### DIRECTIONS FOR THIS TASK
The material below holds pictures, which are to be left out; copy exactly the lines from the one with "Certified 2022 Ford Bronco Big Bend image 14" through the one with "Stuart Weitzman stuart weitzman".

### INFORMATION SUPPLIED
☆ ☆ ☆ ☆
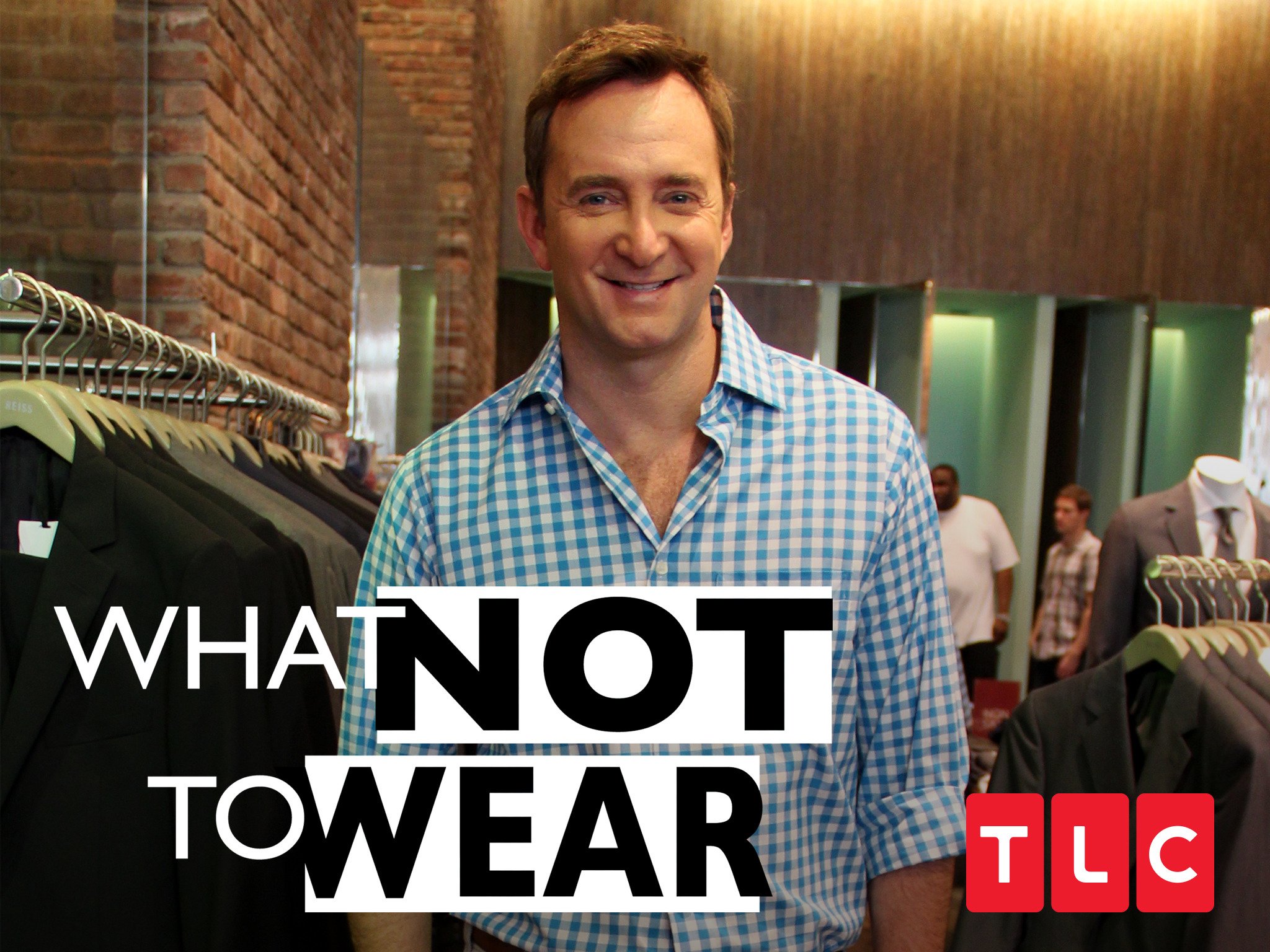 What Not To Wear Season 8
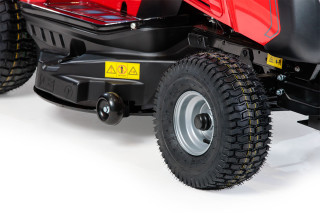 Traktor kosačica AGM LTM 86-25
☆ ☆ ☆ ☆
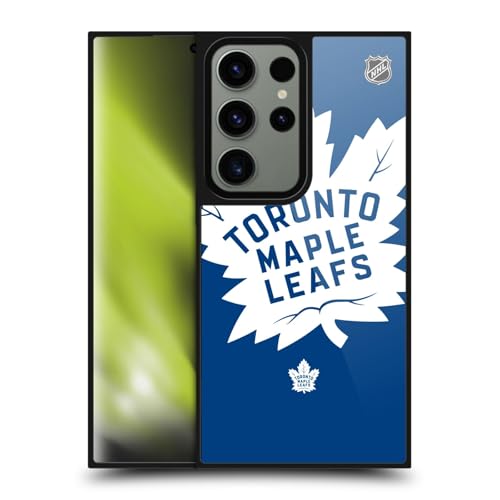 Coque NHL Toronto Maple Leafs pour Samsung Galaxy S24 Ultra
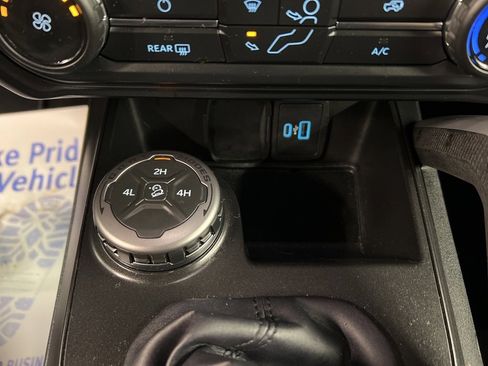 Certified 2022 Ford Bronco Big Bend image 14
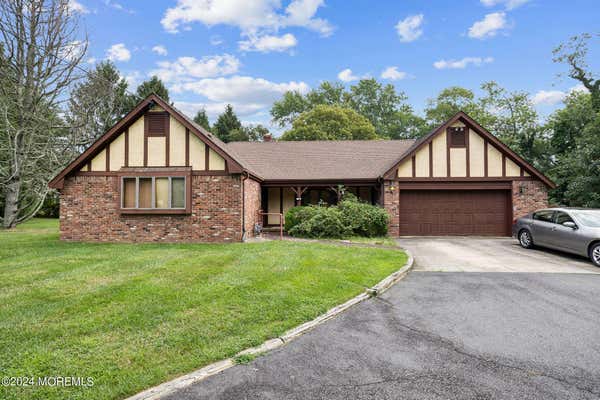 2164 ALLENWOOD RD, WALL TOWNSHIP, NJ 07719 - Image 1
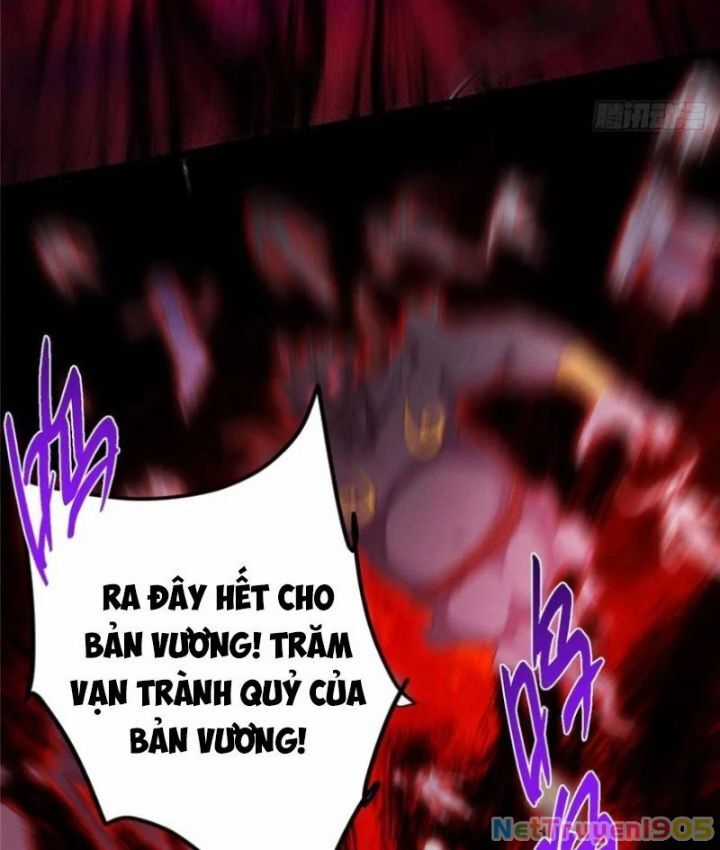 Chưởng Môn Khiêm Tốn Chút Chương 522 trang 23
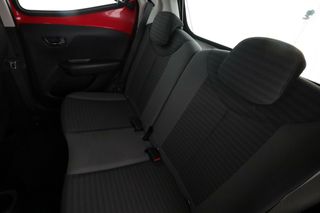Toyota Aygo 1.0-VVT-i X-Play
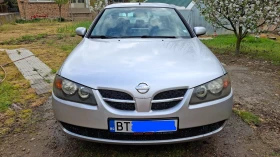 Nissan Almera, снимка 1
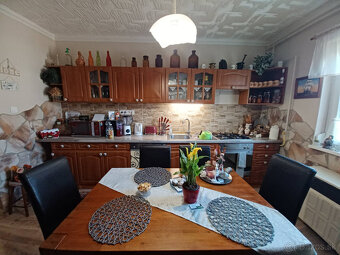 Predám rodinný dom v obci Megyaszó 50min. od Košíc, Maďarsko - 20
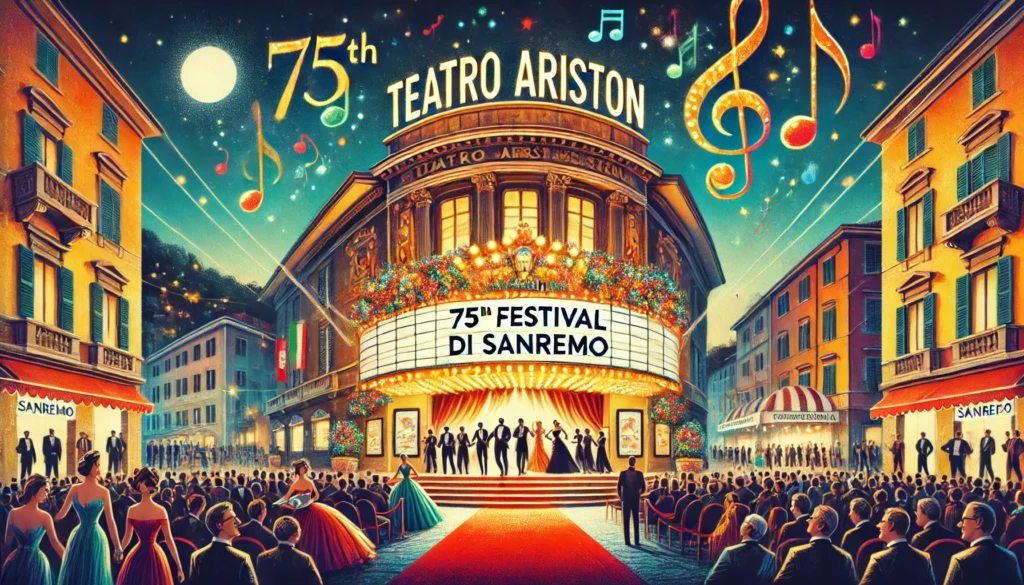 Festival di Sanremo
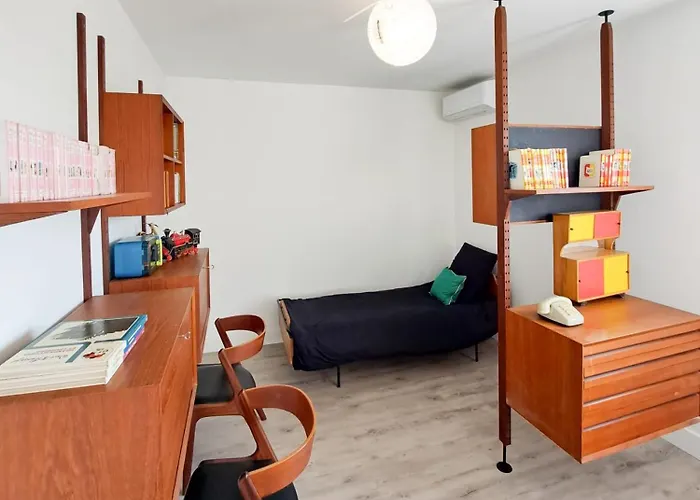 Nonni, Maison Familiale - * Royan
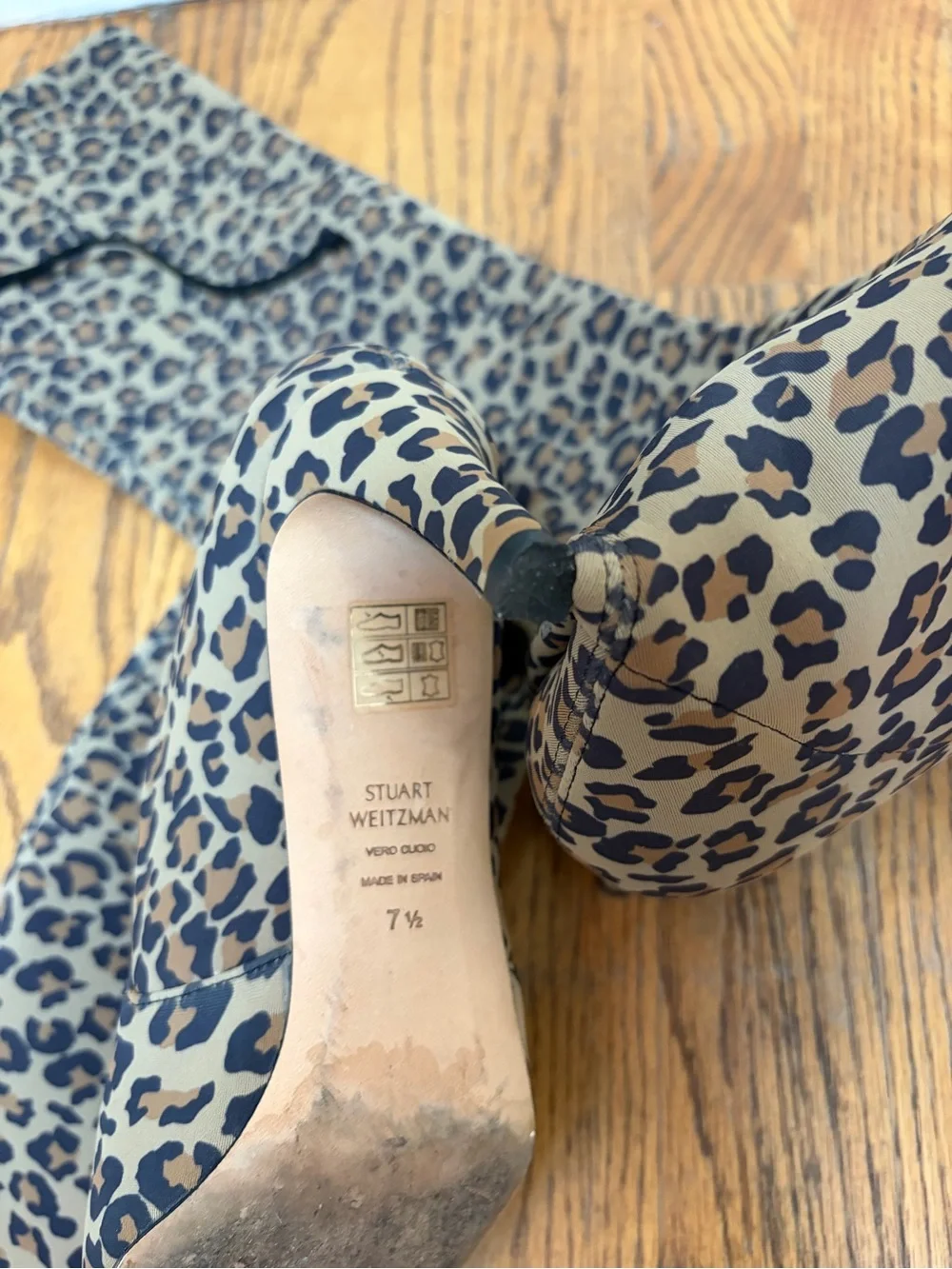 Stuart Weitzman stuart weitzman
☆ ☆ ☆ ☆
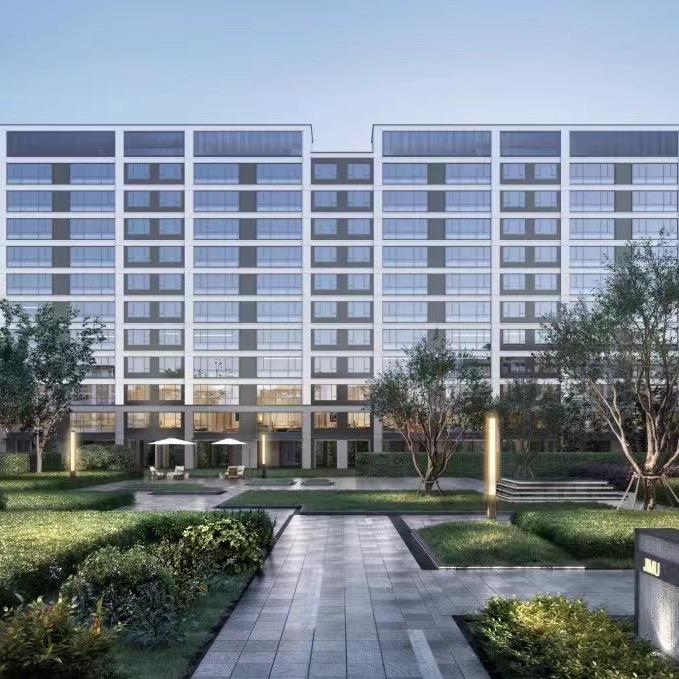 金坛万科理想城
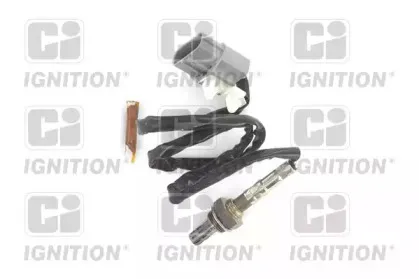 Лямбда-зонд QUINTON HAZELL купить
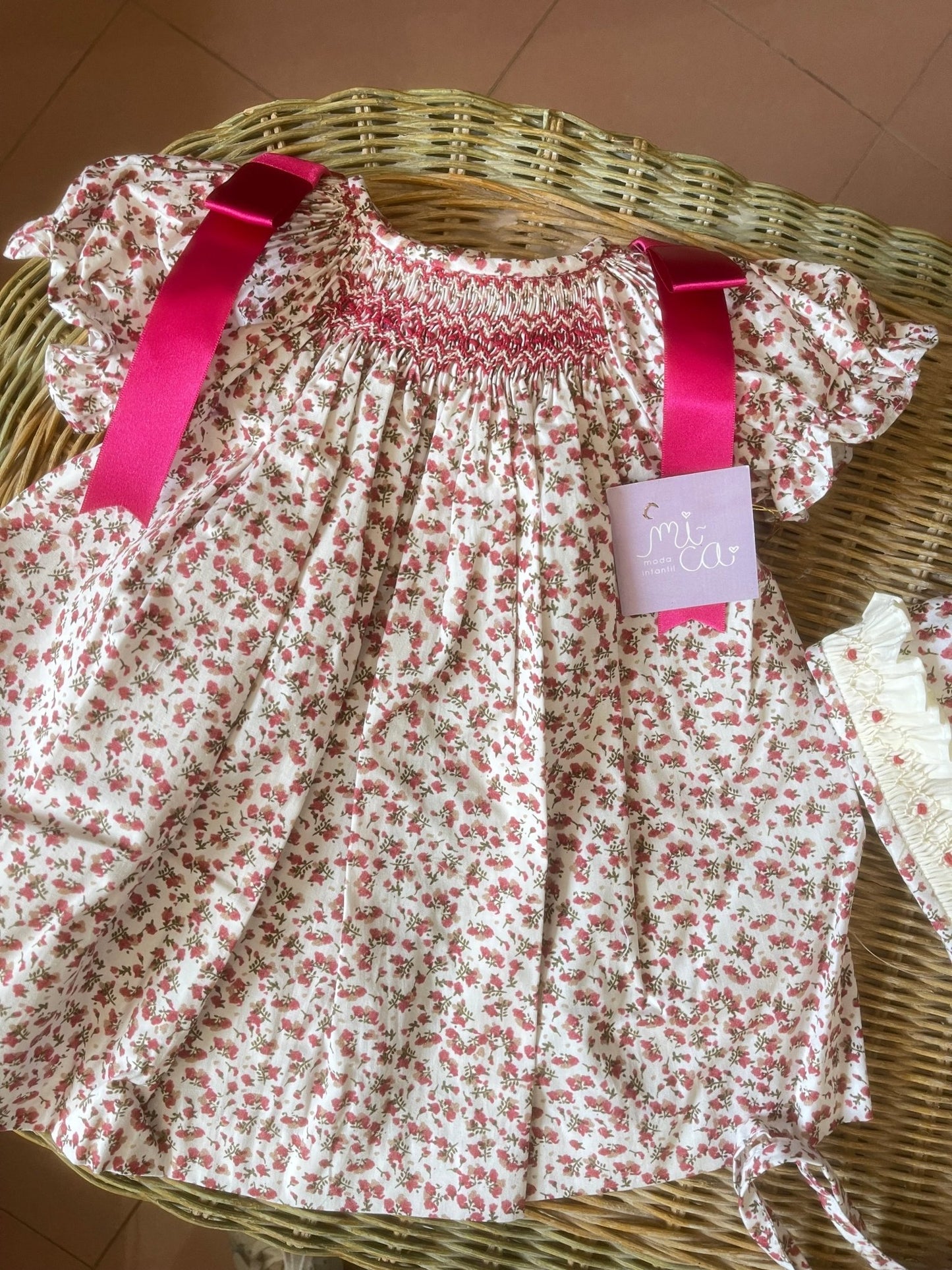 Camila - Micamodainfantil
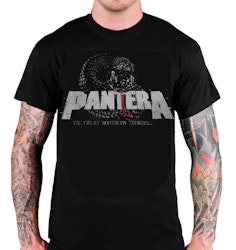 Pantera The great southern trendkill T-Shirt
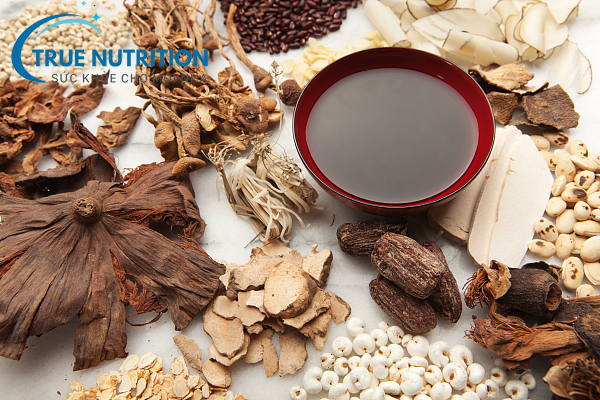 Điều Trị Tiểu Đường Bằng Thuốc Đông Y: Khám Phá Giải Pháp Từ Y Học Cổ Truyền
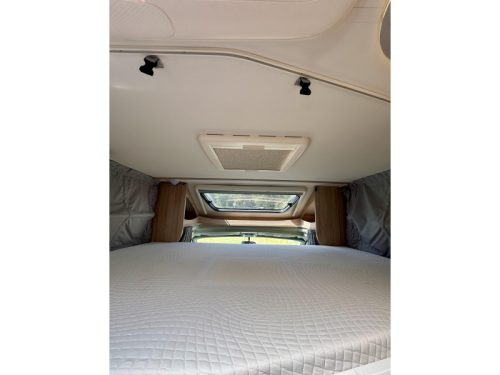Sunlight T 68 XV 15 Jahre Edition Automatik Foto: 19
☆ ☆ ☆ ☆
### TASK RESPONSE
 Certified 2022 Ford Bronco Big Bend image 14
 2164 ALLENWOOD RD, WALL TOWNSHIP, NJ 07719 - Image 1
 Chưởng Môn Khiêm Tốn Chút Chương 522 trang 23
Toyota Aygo 1.0-VVT-i X-Play
 Nissan Almera, снимка 1
 Predám rodinný dom v obci Megyaszó 50min. od Košíc, Maďarsko - 20
 Festival di Sanremo
 Nonni, Maison Familiale - * Royan
 Stuart Weitzman stuart weitzman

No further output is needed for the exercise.